Situation at the beginning of May:


All objectives save Prussia and Russia secure. Our army is 2.5x the size of the surviving French, and about 1.5x that of Prussia. We aren't as strong as Britain or Russia, but Britain's army is mostly territorial militia, locked in England, and Russia has a vast frontier to defend. 

By May 1, I decide the pull the trigger on the Fourth Silesian War (the fourth in 70 years). The first began when the young king Frederick of Prussia invaded our fairest and richest province back in 1741, thinking Queen Maria Theresa would be easy prey. By winter the entire province was in Prussian hands, and it stayed there through the battles of Mollwitz and Chotusitz the next two years before we signed an armistice. The Second Silesian War began in 1744 and saw our Austrian troops perform better at Hohenfriedburg and at Soor, but still not good enough to beat Frederick, and he retained the province still. The Third Silesian War broke out in 1756 when Frederick launched a pre-emptive strike against us and our allies in Saxony, invading Bohemia in the fall of 1756 and winning a decisive battle at Prague in November of that year. He followed up the destruction of the Habsburg army with an offensive on Vienna in the summer of 1757 before we could rebuild, and ended the war by storming our capital. There things have stood for half a century - now we have our revenge. 

All the formations of the New Model Army, also known as the Army of Silesia, aren't fully assembled yet, but I don't anticipate Prussia stopping the 3 corps I already have assembled. Ludwig's projected VI Corps is at Regensburg, still forming up, but when it is it will be dispatched to Ulm, while the rest of hte army invades Silesia and then moves onto Brandenburg to exact revenge for Frederick's depravations. Mack's Army of France will fight Prussians all over that fair province, as well, and counter-invade the Low Countries when able. 



The Army of Silesia gathered at Koniggratz, just over the Bohemian mountains from lost Silesia. 

Saxony, nominally Prussia's ally, is neutral, blocking the direct road to Berlin. Intelligence suggests that most of Prussia's army is invading the Low Countries and northern France, where they'll meet Mack. That leaves Silesia vulnerable to just the sort of coup de main that Frederick pulled a few years ago.
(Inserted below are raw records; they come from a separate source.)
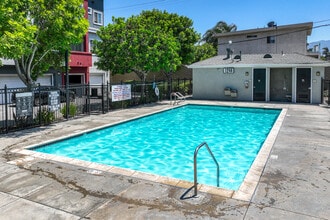 Magnolia Court Townhomes in Corona, CA - Foto de edificio - Building Photo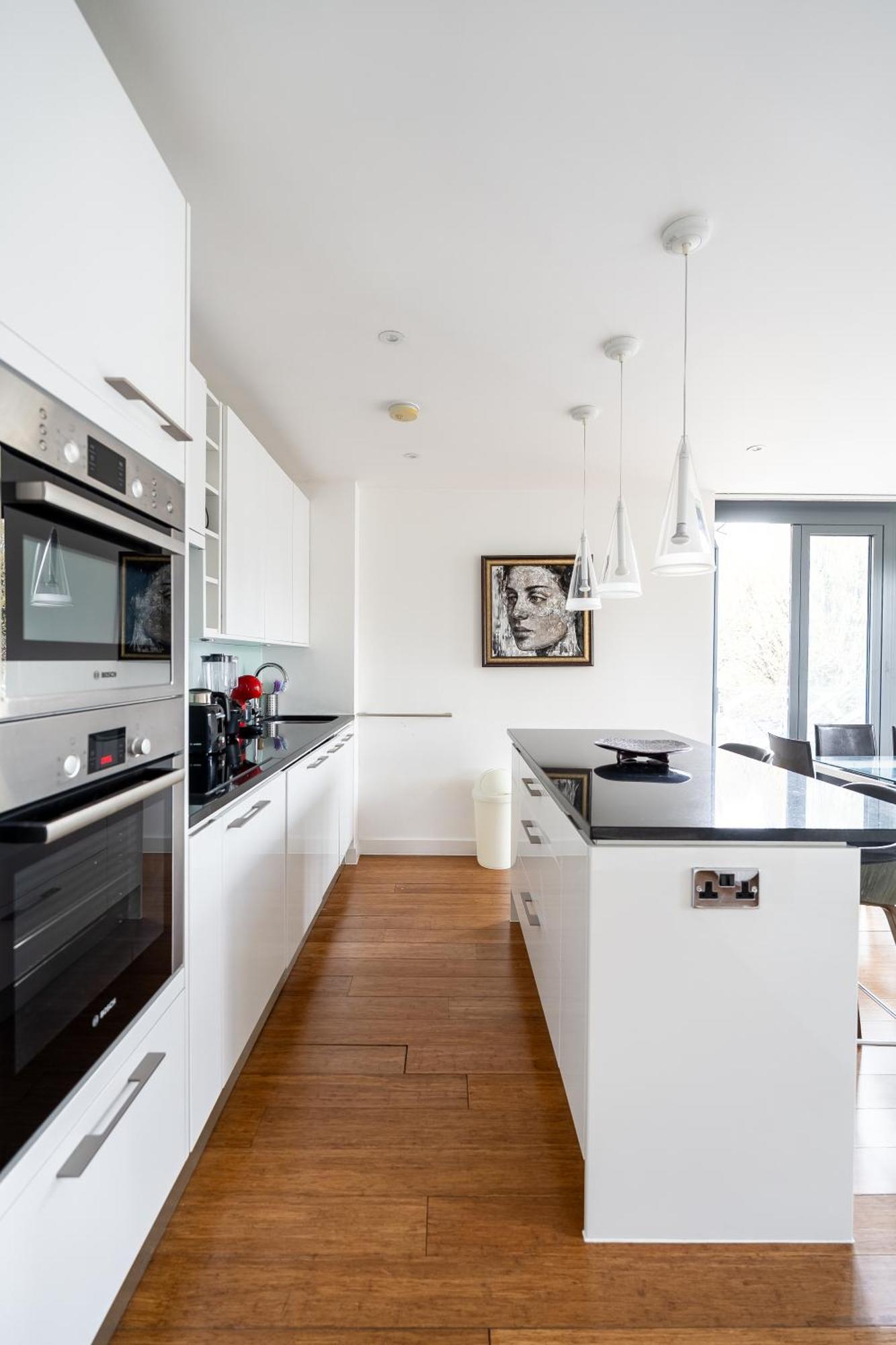 Modern, Stylishly Furnished Apartment, With Wrap Around Balcony In Notting Hill Apartment *
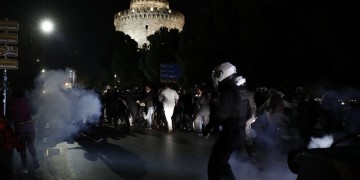 Θεσσαλονίκη: Επεισόδια σε διαδήλωση κατά του lockdown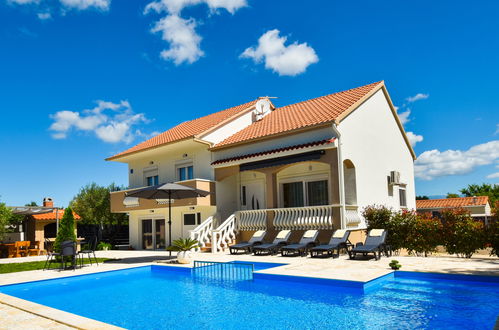 Photo 34 - Maison de 5 chambres à Poličnik avec piscine privée et jardin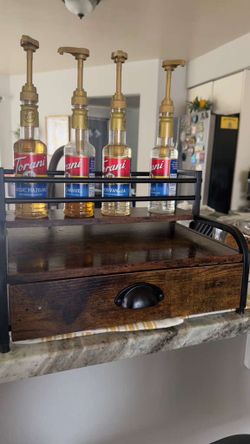 Coffee station and syroup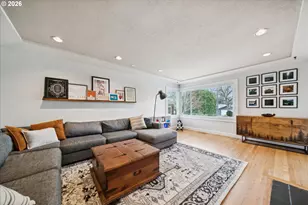 10634 SW Cook Ln, Portland, OR 97223 - Photo 4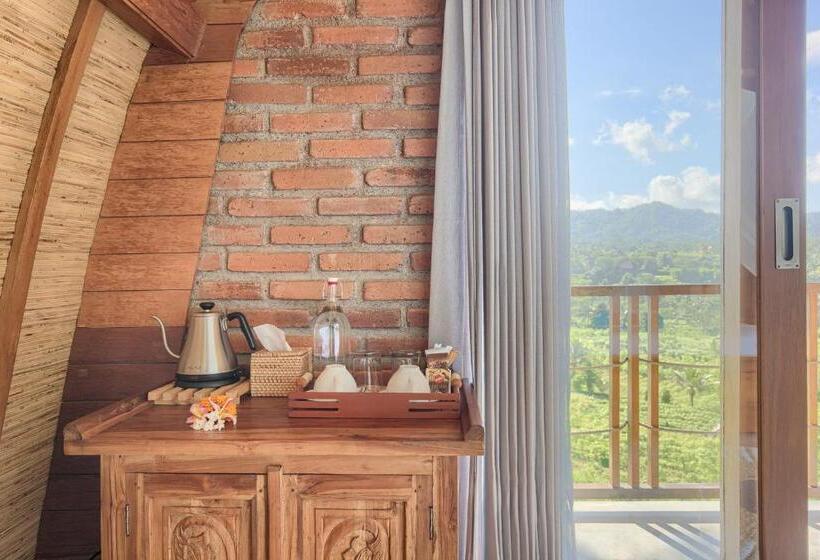 Romantic Barn With Mt. Agung Views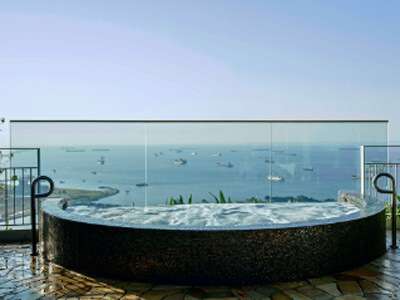 Marina Bay Sands Skypark infinity jacuzzi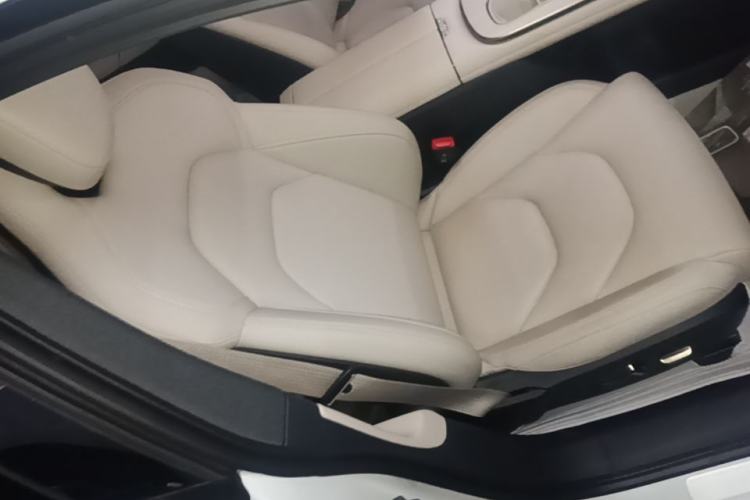 Used Xiaomi Auto SU7 2024 Rear-Drive Long-Range Intelligent Driving Version Right Front Seat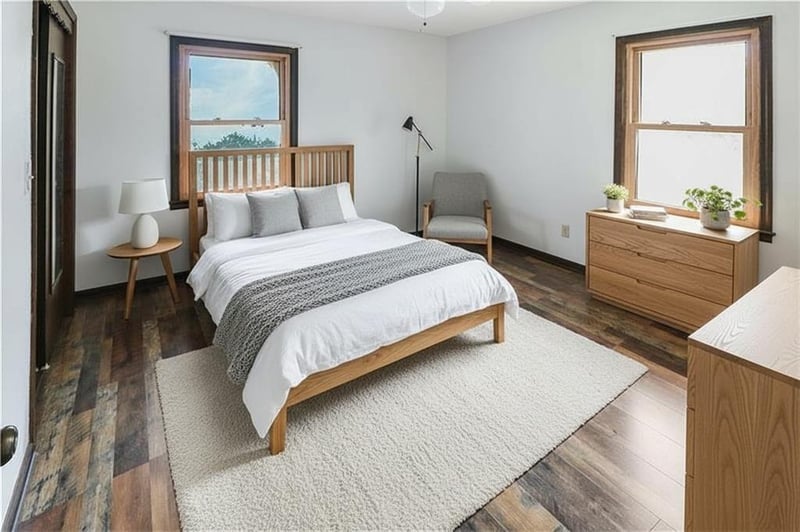 26 360th Rd, Warrensburg, MO 64093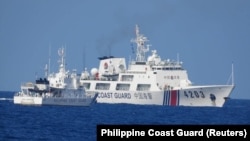 菲律宾海岸警卫队发布照片显示，2023年6月30日一艘中国海警船被指在有争议的南中国海海域骚扰为菲律宾海军运送后勤物资的船只。（Philippine Coast Guard/Handout via REUTERS 
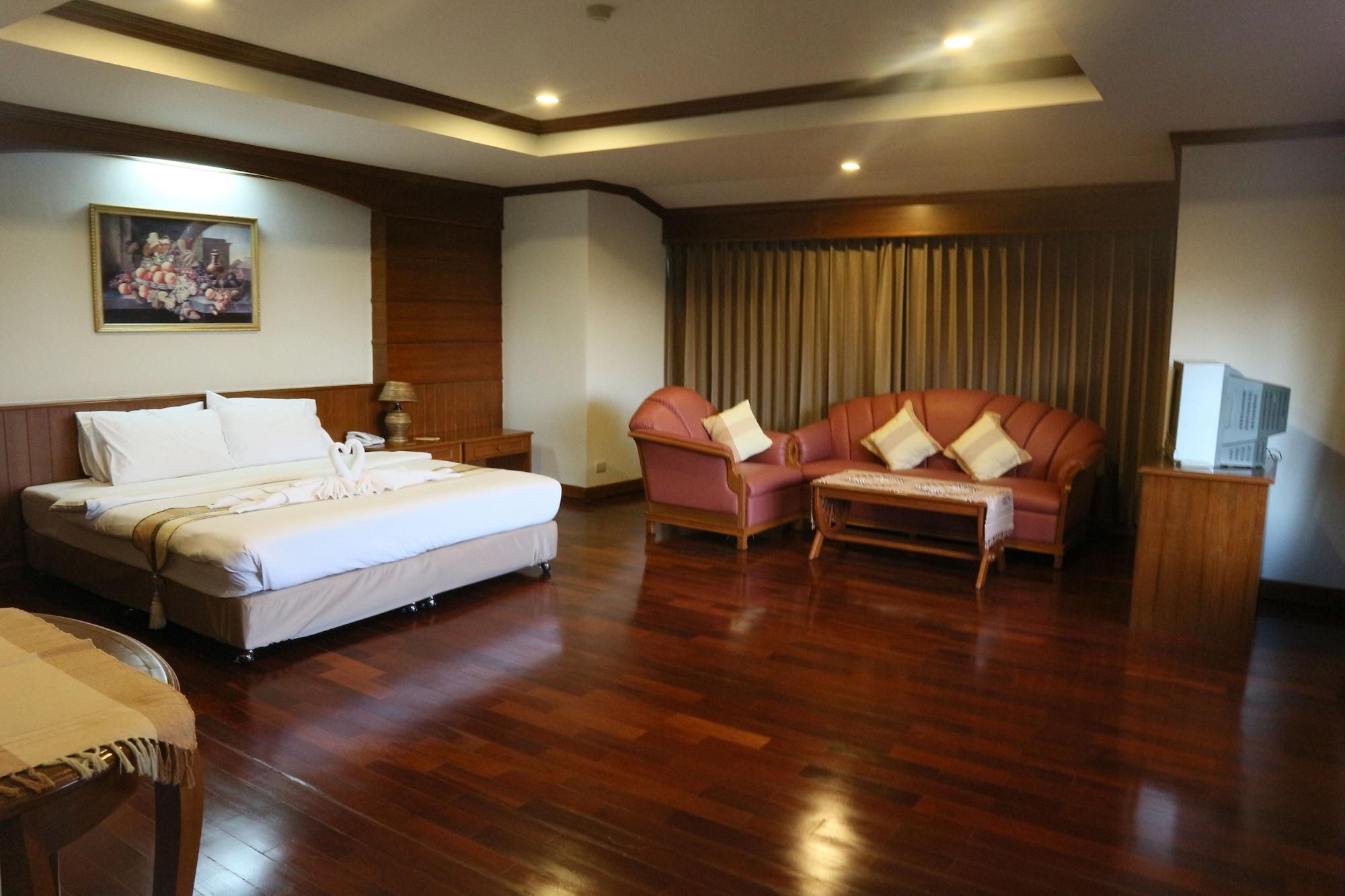 Life Up And Hotel Chiang Mai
We will seize Breslau, capital of the province, and then swing north through Poland. 


We'll need to take Lodz and Posen to secure our supply line, and Frankfurt-on-the-Oder as the gateway to Berlin. Again, cavalry scouts suggest there are no strong Prussian formations in Poland, so Warsaw could be taken by a detached corps at a leisure. It's not a victory city, though.

No movement on finding a way to attack Russia - can't leave the Coalition, can't make peace with Britain, can't load the game as either country and release Austria or declare war on Austria, so this is the final campaign, I expect. I'll wrap up this game at the close of 1810. 

The invasion starts with minor clashes between Prussian border guards and our massive army of 200,000 moving in, nothing really to report. Within three weeks Breslau is encircled and our tentacles begin extending through Silesia:



Note the additions of West Prussia and Poland to the territories of Prussia since 1756. All Austrian soon enough.



Abruptly Bohemia and Bavaria are strongly invaded.

Prussia reacts within about 6 weeks. Frederick William surprises me, though - instead of shifting troops to defend his capital, the defense of Silesia, Brandenburg, and Poland is left to local regiments. The main Prussian army launches a counter-invasion of Bavaria and Bohemia, seizing the vital bridge Danube at Regensburg (and disrupting the assemblage of VI Corps there), while other forces push over the mountains in the west and seize Tabor and Pilsen:



Blucher ensconced at Regensburg, while Ludwig retreats over the Isar. 

I react. I Korps and the reserve force of the Army  of Silesia are ordered to move immediately on Berlin over the Oder - either we'll draw forces to us or we'll take the city and kick out Prussia's national morale. II Korps will defend my Polish flank. IV Korps will move back into Bohemia from Breslau, which was stormed at the end of June, and attempt to link up with Ludwig, cutting off the Prussian columns invading the province. I will also finish forming up VII Korps and III Korps, presently campaigning in Italy, and bring them through the Alps to the Upper Danube/Rhine area, where they link up with Mack. V Korps is left alone to deal with policing France. The Army of the Balkans is loaded on transports from its campaigning area in the Peloponnese and shipped to the head of the Adriatic at Trieste, where it will march to Vienna and assume the defense there. 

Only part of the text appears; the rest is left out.